◆ Data section
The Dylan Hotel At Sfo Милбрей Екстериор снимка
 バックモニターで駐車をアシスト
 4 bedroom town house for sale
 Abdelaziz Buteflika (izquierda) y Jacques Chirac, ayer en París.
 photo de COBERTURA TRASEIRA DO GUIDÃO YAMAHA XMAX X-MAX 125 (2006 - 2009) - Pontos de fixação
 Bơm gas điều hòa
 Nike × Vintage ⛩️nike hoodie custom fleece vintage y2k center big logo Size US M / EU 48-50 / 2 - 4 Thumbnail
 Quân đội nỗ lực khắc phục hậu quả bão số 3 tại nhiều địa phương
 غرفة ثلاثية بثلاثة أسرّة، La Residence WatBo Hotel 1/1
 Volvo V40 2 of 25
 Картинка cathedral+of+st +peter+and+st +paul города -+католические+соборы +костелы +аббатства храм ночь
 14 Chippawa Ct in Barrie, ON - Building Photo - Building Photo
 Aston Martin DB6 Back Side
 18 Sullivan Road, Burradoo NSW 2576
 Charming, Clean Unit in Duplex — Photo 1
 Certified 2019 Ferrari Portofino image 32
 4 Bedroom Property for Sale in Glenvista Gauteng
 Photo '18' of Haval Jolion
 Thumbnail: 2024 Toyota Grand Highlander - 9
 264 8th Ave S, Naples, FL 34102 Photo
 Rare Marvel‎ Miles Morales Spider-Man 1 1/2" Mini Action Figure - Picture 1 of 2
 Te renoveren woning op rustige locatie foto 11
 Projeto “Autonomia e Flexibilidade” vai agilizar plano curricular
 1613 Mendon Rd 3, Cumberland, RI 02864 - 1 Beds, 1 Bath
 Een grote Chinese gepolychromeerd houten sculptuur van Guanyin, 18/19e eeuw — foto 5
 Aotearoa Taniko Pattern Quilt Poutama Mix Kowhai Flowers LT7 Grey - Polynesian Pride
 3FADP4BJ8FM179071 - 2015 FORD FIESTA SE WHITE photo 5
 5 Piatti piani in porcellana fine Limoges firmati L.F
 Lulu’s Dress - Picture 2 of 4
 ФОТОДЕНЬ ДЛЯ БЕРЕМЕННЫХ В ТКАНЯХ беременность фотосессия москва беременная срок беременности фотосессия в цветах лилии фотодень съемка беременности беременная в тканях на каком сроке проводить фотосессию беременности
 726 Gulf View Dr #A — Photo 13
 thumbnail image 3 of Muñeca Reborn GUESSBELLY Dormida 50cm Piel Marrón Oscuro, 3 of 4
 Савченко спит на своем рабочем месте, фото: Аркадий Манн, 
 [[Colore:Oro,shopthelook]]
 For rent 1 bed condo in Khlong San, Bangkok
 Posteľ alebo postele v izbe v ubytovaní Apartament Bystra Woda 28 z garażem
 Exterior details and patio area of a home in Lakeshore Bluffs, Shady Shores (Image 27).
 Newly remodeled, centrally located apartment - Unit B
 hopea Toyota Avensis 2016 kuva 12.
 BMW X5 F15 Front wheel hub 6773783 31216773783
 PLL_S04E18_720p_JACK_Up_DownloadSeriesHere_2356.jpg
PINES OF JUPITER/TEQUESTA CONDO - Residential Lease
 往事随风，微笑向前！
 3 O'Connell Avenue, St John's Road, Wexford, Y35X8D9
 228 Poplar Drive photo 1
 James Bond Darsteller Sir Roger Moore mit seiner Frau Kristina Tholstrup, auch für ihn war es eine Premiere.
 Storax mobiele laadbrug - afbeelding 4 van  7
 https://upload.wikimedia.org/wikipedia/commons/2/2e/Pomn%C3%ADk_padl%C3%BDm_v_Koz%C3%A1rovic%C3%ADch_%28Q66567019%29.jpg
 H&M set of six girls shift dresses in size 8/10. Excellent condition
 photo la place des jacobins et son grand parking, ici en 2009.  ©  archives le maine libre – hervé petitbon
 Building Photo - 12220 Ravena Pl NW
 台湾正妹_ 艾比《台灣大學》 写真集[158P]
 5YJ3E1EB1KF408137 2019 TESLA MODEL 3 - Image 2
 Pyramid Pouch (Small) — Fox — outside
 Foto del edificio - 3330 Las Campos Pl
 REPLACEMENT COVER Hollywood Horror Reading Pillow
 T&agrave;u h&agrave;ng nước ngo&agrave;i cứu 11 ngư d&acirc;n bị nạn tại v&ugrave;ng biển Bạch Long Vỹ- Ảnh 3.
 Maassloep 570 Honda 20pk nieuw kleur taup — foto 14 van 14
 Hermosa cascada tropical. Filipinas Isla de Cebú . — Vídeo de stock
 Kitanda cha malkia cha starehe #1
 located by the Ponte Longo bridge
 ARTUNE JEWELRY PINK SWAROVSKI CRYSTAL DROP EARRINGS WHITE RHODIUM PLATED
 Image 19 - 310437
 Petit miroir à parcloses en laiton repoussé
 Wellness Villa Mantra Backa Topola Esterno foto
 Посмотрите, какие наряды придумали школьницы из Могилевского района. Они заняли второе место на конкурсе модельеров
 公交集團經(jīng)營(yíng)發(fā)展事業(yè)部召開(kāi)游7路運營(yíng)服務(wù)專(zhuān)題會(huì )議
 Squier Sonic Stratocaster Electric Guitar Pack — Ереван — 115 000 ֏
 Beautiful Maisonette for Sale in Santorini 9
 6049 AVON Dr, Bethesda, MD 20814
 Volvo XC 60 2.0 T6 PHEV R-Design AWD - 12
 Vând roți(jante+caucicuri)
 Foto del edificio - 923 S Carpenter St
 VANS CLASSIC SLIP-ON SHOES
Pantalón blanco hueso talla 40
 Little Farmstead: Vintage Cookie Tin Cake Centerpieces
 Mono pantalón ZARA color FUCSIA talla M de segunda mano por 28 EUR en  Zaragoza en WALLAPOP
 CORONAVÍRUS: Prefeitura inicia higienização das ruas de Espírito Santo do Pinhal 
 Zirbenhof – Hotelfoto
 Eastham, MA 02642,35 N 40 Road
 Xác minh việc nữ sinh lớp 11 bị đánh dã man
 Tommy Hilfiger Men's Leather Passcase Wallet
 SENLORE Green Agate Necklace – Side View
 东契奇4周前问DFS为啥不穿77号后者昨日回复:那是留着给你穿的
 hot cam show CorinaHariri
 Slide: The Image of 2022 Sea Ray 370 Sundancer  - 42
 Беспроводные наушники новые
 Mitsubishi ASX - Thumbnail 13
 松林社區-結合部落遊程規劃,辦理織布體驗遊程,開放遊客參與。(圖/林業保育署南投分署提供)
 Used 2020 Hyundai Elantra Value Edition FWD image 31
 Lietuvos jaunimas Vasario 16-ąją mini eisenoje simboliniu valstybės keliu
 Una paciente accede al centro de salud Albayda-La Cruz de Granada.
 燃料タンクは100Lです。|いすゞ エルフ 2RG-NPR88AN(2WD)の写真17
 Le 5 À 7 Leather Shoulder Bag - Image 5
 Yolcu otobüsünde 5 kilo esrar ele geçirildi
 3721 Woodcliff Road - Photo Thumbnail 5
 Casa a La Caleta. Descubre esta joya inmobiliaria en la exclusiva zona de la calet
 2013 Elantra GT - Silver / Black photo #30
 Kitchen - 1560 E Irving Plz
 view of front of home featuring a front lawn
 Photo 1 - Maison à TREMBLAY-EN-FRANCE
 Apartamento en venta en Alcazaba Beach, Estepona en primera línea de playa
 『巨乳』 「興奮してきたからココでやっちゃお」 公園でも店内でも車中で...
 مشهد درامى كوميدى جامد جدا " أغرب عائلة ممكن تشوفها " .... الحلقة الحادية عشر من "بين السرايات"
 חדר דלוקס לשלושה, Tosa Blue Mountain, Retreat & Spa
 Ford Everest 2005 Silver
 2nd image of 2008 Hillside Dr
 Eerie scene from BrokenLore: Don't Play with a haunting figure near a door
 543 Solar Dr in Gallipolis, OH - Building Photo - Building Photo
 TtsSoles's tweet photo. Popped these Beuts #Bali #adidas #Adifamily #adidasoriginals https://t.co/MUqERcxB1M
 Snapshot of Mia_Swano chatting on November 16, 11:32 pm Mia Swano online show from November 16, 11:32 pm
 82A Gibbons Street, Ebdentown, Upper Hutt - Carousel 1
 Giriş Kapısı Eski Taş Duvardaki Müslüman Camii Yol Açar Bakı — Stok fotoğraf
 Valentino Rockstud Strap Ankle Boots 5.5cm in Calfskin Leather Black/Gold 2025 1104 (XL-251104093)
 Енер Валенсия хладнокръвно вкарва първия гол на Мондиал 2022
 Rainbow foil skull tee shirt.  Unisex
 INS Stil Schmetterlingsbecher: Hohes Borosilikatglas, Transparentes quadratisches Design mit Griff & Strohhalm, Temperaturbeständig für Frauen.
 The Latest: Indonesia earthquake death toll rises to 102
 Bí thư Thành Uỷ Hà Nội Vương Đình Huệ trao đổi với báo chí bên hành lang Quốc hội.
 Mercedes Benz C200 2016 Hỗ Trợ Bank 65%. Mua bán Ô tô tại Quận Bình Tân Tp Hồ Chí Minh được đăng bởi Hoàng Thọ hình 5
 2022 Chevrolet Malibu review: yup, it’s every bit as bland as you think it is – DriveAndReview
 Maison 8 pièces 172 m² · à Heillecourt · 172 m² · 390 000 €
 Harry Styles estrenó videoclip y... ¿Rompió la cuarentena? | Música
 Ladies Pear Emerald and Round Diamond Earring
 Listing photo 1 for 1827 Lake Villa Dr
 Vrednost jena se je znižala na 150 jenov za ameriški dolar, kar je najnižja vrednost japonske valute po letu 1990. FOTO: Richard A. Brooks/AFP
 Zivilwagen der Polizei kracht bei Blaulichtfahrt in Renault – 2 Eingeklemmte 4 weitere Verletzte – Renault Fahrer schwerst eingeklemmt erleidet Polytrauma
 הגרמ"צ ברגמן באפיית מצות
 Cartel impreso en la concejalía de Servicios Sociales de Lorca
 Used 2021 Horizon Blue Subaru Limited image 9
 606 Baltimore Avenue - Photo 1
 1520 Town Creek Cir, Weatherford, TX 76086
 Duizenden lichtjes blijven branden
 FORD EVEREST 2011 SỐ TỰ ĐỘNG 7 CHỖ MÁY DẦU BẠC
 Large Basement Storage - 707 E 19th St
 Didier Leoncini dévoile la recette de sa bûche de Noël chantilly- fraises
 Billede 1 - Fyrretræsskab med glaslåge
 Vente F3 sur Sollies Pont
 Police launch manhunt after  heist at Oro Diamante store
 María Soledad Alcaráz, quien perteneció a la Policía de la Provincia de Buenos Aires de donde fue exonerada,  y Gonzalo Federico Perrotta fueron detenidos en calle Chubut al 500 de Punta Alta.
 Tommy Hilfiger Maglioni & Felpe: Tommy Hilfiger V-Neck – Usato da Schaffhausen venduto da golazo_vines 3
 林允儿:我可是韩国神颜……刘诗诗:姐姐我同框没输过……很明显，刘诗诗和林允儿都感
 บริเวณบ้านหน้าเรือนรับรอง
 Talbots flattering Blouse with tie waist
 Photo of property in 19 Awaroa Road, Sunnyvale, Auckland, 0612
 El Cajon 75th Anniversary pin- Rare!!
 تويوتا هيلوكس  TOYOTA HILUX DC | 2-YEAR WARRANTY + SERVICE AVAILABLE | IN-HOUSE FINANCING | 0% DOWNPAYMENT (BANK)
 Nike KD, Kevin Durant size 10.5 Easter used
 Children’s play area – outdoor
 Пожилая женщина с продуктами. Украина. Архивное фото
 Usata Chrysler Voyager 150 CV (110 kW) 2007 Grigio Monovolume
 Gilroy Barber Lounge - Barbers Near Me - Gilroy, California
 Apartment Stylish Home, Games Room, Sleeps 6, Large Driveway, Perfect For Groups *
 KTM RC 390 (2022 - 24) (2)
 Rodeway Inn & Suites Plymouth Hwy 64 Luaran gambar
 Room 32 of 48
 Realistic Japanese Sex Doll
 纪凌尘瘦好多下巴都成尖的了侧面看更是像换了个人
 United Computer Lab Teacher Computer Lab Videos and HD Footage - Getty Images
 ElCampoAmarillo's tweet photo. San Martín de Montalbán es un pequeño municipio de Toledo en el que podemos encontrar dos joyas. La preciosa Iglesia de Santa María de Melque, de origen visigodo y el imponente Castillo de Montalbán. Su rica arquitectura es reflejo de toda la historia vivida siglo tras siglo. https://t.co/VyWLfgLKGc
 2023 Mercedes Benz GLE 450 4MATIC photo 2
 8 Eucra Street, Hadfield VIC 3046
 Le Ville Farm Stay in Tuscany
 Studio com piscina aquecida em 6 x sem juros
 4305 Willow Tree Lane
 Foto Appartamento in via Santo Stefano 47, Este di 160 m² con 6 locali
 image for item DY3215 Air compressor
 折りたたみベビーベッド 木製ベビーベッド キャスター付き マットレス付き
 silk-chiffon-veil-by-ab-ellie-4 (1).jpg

◆ Work to complete
Once you have found every line in the listing that holds the string "edificio", copy each of them.

◆ Answer box
 Foto del edificio - 3330 Las Campos Pl
 Foto del edificio - 923 S Carpenter St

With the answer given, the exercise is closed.